Repeat the listing below in full, keeping each word as given.

* **Available data**
=====

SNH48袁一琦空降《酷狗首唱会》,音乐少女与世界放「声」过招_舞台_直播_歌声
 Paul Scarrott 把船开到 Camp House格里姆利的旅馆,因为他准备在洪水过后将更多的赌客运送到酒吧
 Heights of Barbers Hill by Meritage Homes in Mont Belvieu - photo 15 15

=====

* **Response**
SNH48袁一琦空降《酷狗首唱会》,音乐少女与世界放「声」过招_舞台_直播_歌声
 Paul Scarrott 把船开到 Camp House格里姆利的旅馆,因为他准备在洪水过后将更多的赌客运送到酒吧
 Heights of Barbers Hill by Meritage Homes in Mont Belvieu - photo 15 15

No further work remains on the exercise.